States' Role Key Issue in Clash over Data Bills: House Version Would Give Attorneys General Enforcement Power
Kaper, Stacy, American Banker
For the financial services industry, the data security debate is moving in opposite directions in the Senate and the House.
The Senate Banking Committee is expected to finally unveil its bill this week, and at least one industry lobbyist considers it a "dream bill." But the outlook is nowhere near as sunny on the House side, where leaders -- determined to mark progress on this sensitive issue -- are widely thought to be weighing a deal that would hand state attorneys general the power to enforce protections.
Since personal information identifying 26 million veterans and military personnel was stolen last month, lawmakers have been under pressure to move data security legislation quickly. Sources said Monday that if the House cannot pass a compromise bill by the Fourth of July recess, leaders may push through a narrower bill covering only government agencies.
Generally, financial institutions support a national data security law, which they say would be simpler to follow than multiple state ones. A national law also would require other types of companies to implement the same sorts of safeguards and follow the same breach notification requirements that depository institutions must follow under the Gramm-Leach-Bliley Act.
The House had been expected to vote last week on the Financial Services Committee's bill, one of three versions in the House and the one the industry favors.
But Energy and Commerce Committee Chairman Joe Barton, R-Tex., delayed the vote by pushing to include some of his committee's provisions, including the one empowering state attorneys general.
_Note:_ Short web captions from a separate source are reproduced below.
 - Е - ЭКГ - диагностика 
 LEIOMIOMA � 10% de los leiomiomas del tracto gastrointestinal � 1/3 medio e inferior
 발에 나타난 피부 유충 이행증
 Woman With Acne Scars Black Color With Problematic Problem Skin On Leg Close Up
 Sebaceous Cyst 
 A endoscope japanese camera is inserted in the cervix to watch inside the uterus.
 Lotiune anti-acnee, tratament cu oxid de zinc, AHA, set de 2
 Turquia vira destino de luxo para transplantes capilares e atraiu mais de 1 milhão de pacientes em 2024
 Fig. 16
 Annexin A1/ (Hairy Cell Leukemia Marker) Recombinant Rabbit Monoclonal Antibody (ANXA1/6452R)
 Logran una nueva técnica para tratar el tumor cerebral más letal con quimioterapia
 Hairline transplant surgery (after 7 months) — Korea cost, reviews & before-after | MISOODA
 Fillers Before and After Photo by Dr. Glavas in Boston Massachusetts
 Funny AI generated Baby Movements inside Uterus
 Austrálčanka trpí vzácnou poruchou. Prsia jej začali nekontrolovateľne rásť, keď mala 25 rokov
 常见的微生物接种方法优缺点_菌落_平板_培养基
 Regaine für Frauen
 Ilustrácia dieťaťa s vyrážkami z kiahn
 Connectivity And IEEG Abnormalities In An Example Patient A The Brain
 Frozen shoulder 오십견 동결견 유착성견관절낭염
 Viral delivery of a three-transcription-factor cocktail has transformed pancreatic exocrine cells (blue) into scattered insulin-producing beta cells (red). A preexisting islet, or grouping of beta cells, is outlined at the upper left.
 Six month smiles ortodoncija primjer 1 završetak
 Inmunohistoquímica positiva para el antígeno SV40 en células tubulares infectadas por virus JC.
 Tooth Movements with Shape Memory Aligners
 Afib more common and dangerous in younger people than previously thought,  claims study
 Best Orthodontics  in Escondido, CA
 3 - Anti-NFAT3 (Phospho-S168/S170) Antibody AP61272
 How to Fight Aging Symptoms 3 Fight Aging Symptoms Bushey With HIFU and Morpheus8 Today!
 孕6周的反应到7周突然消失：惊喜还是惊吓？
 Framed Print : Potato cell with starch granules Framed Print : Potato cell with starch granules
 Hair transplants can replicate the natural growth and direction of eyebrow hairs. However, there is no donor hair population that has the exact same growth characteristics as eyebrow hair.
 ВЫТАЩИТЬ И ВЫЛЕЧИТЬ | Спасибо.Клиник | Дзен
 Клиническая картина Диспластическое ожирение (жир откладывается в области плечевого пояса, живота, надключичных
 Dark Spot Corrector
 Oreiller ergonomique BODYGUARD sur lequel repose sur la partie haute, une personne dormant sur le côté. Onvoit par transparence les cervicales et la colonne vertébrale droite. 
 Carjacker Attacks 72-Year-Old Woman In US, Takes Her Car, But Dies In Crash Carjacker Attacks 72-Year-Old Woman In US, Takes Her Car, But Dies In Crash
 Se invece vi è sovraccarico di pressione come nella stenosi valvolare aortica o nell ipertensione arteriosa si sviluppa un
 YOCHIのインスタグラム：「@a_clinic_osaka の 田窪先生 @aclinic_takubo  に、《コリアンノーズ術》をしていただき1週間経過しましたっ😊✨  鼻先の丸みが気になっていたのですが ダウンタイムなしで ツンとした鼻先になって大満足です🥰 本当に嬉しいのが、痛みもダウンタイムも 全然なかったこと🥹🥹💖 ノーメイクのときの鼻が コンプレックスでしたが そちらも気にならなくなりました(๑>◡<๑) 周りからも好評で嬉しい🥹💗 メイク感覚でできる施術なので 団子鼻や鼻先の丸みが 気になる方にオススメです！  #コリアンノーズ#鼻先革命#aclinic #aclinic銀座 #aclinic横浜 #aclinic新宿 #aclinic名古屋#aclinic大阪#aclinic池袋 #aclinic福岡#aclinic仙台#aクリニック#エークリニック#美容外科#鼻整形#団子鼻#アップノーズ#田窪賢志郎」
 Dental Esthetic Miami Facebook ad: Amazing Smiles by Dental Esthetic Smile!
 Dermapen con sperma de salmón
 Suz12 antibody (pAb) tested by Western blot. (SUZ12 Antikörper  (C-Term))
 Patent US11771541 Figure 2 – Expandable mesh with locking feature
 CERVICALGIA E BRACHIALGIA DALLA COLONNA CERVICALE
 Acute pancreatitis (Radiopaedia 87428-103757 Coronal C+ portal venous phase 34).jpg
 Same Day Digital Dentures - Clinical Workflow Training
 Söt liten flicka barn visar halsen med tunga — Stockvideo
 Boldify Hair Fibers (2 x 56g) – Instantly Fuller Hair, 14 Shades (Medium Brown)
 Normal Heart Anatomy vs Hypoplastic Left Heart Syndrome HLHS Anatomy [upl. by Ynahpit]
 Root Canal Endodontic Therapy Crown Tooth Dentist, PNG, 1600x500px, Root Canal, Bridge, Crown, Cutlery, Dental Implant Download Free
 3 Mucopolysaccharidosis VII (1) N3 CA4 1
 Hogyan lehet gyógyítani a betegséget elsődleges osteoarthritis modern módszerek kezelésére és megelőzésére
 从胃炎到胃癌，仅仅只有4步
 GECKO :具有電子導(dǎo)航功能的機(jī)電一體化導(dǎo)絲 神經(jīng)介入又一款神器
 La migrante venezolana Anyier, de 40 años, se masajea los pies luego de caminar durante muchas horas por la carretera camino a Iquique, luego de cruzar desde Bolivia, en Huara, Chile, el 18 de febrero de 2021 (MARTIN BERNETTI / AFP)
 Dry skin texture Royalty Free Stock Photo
Industry representatives and banking, thrift, and credit union regulators oppose this provision, arguing that it would undermine a uniform standard and regulators' oversight.
The Financial Services Committee's version would preempt state laws, retain Gramm-Leach-Bliley requirements for financial institutions, limit enforcement to financial institutions' regulators, and allow only victims of identity theft to freeze credit files.
(The third bill, written by the Judiciary Committee, is narrower, establishing penalties for companies that do not notify authorities of a data breach.)
"There's still an attempt on the part of leadership to work on a compromise between the Financial Services, Energy and Commerce, and Judiciary committees and get a bill to the floor," said Floyd Stoner, the lead lobbyist for the American Bankers Association. …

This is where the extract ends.